- Data provided -
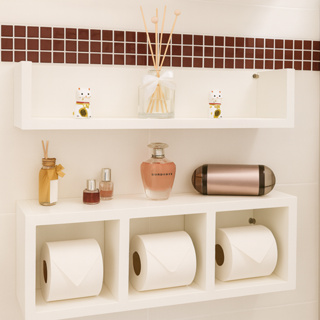 Nicho Decoração Banheiro Enfeite Papel Higienico MDF Branco Preto Texturizado para Perfumes em Oferta na Shopee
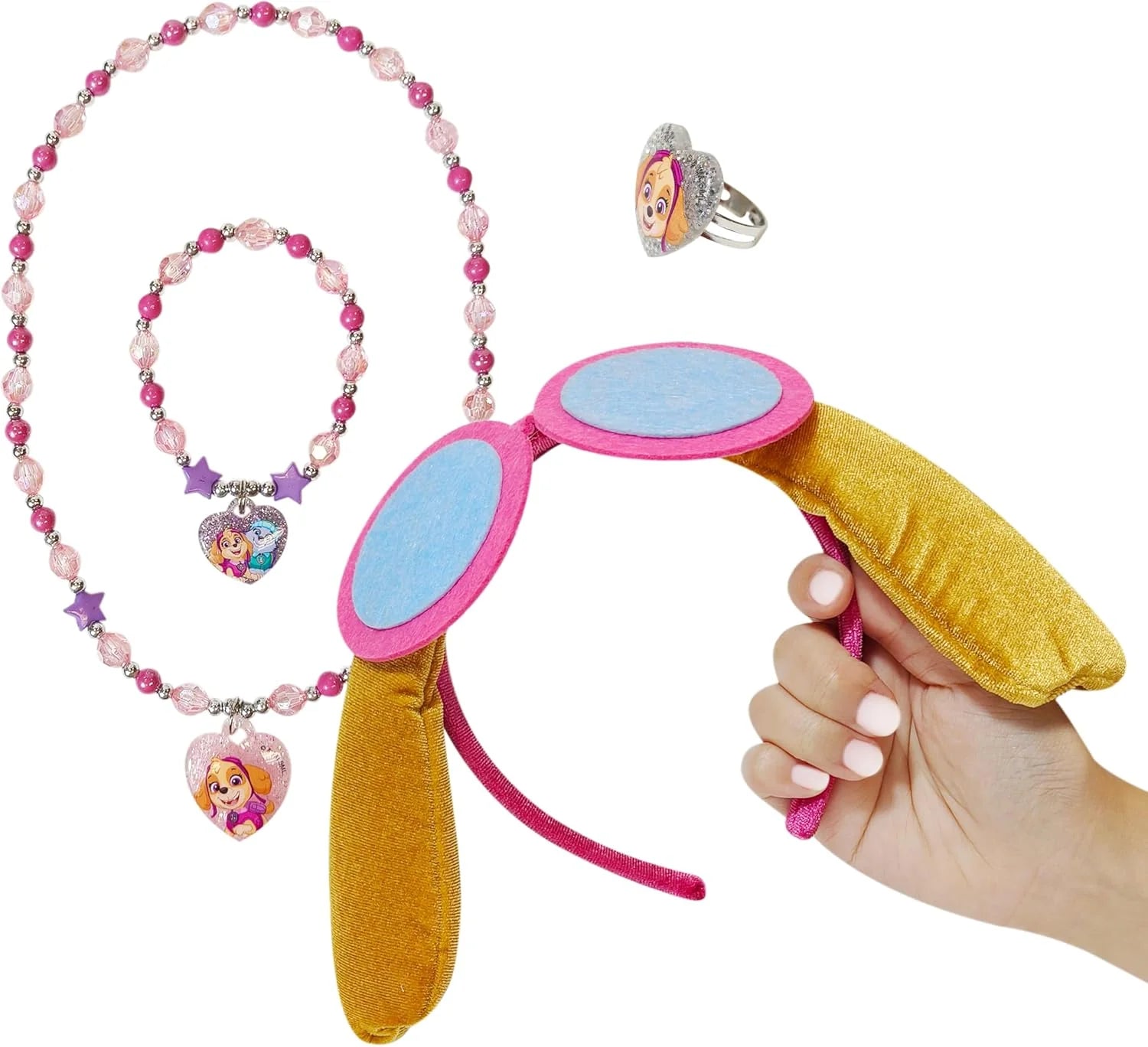 Licensed PAW PATROL Headbands for Girls - Kids Jewelry - Dress up Set All in One Giftable Box - Headband - Play Jewelry Set - 4Pc (Toddler Headband, Necklace, Dress up Bracelet, Ring) Ages 3+
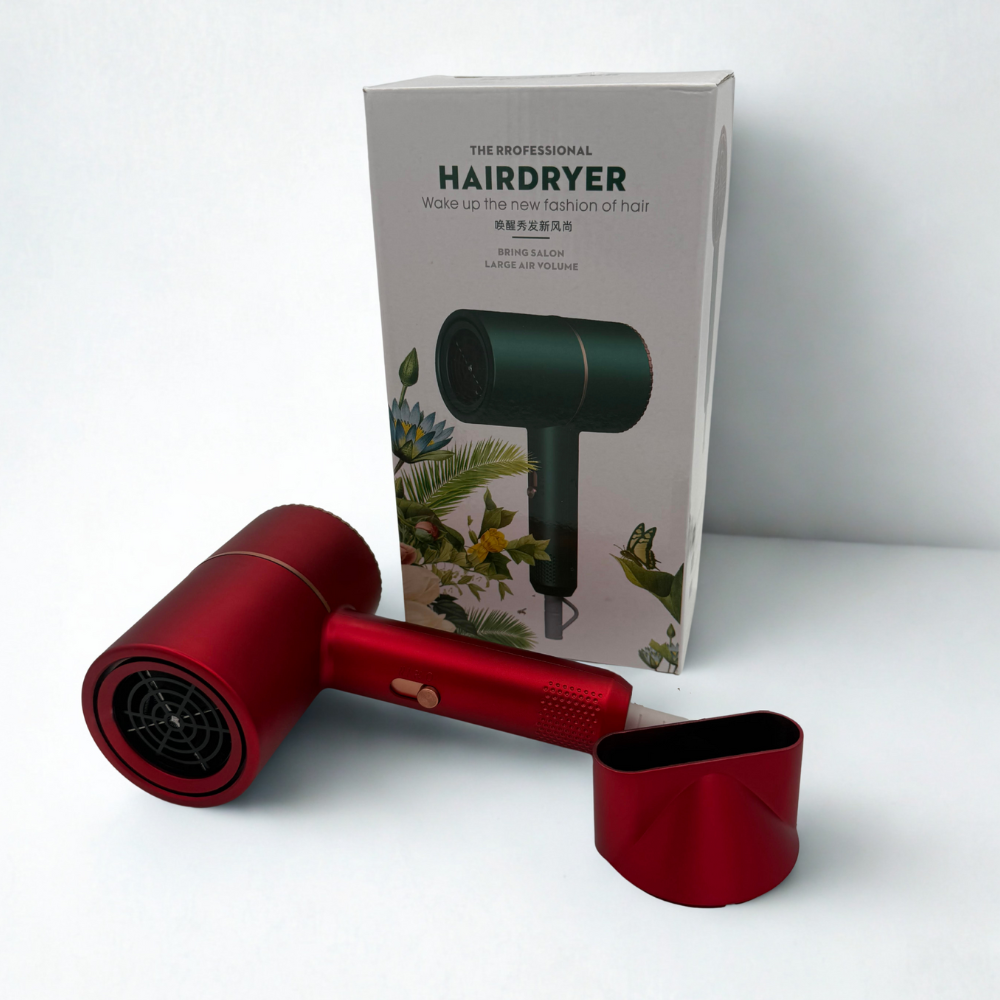 Professional Ionic Hair Dryer with Concentrator Nozzle – Fast Drying, Lightweight & Frizz Control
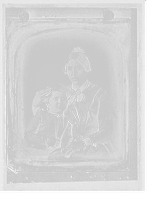 Woman in coiffed hair with comb, and boy, possibly her son, Antique Poster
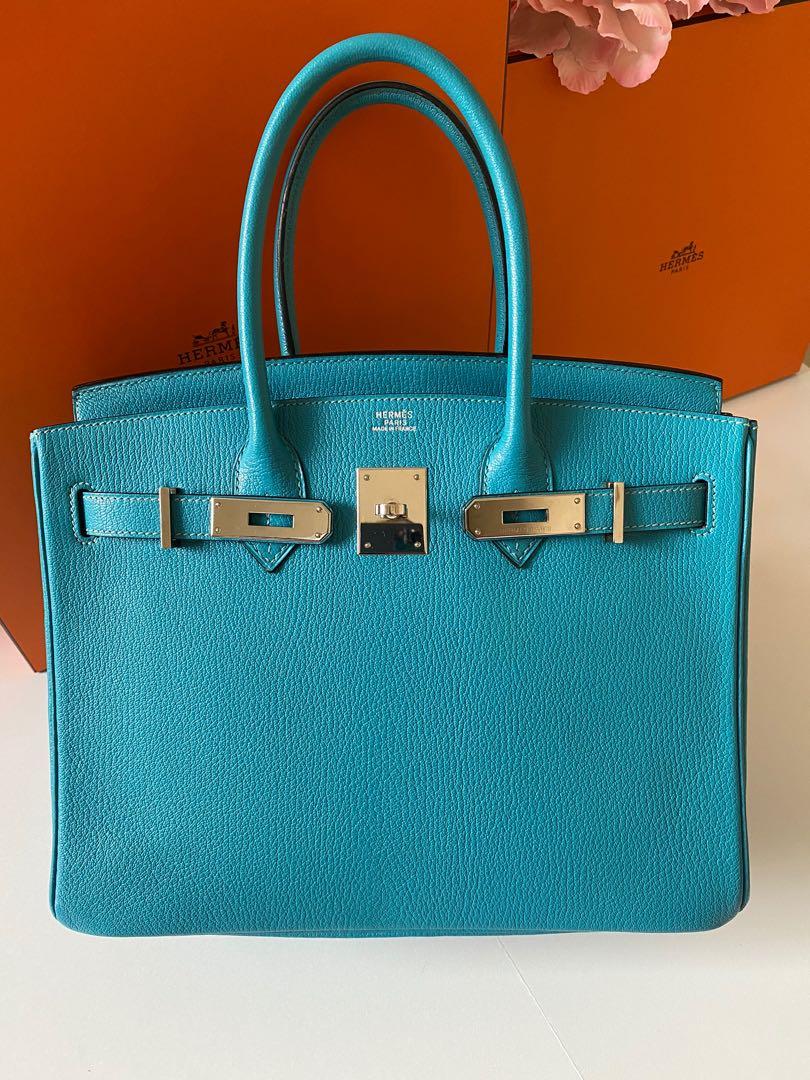 Hermes Birkin 30 Turquoise Togo Gold Hardware Stamp x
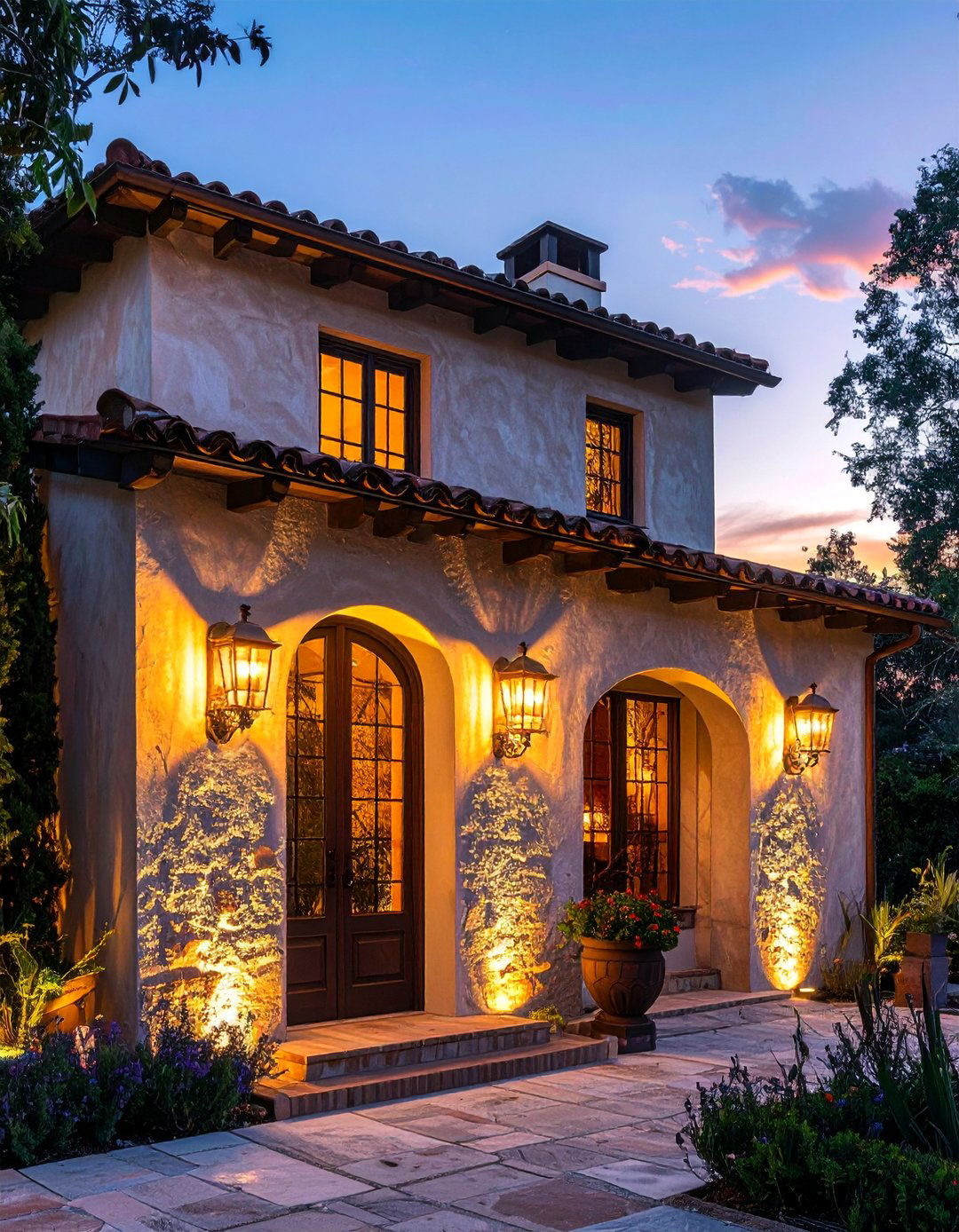 Layered Exterior Lighting Spanish Bungalow Exterior - 25 Spanish Bungalow Exterior Ideas for Timeless Appeal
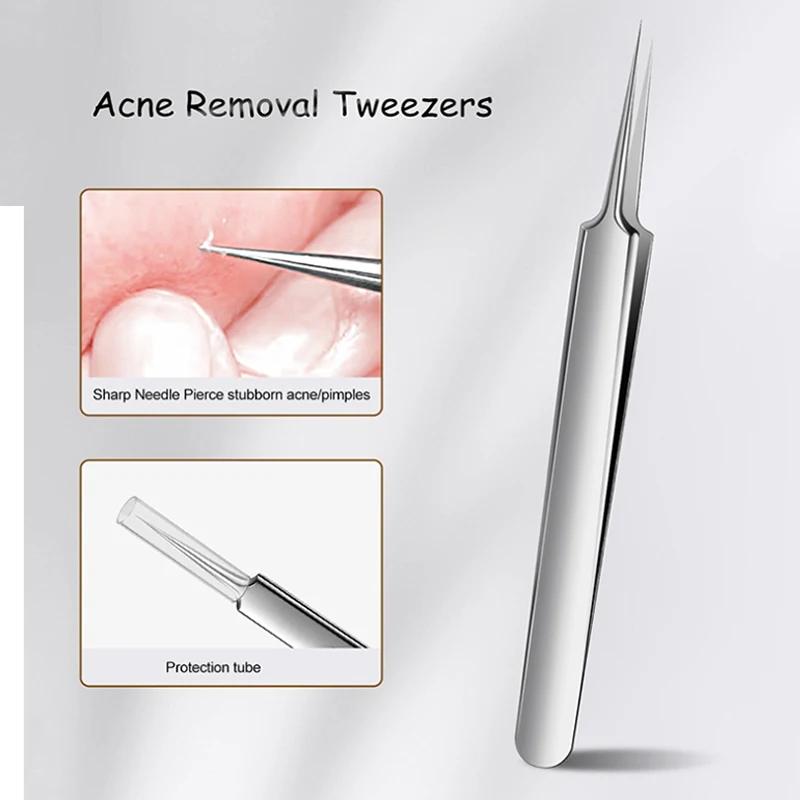양면 블랙헤드 리무버, 뒤집개 코 얼굴 잡티 모공 클리너, 블랙헤드 클립 트위저, 미용 얼굴 건강 살롱 도구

- Exercise brief -
Print the listing exactly, images excluded.

- Your response -
 Nicho Decoração Banheiro Enfeite Papel Higienico MDF Branco Preto Texturizado para Perfumes em Oferta na Shopee
 Licensed PAW PATROL Headbands for Girls - Kids Jewelry - Dress up Set All in One Giftable Box - Headband - Play Jewelry Set - 4Pc (Toddler Headband, Necklace, Dress up Bracelet, Ring) Ages 3+
 Professional Ionic Hair Dryer with Concentrator Nozzle – Fast Drying, Lightweight & Frizz Control
 Woman in coiffed hair with comb, and boy, possibly her son, Antique Poster
 Hermes Birkin 30 Turquoise Togo Gold Hardware Stamp x
 Layered Exterior Lighting Spanish Bungalow Exterior - 25 Spanish Bungalow Exterior Ideas for Timeless Appeal
양면 블랙헤드 리무버, 뒤집개 코 얼굴 잡티 모공 클리너, 블랙헤드 클립 트위저, 미용 얼굴 건강 살롱 도구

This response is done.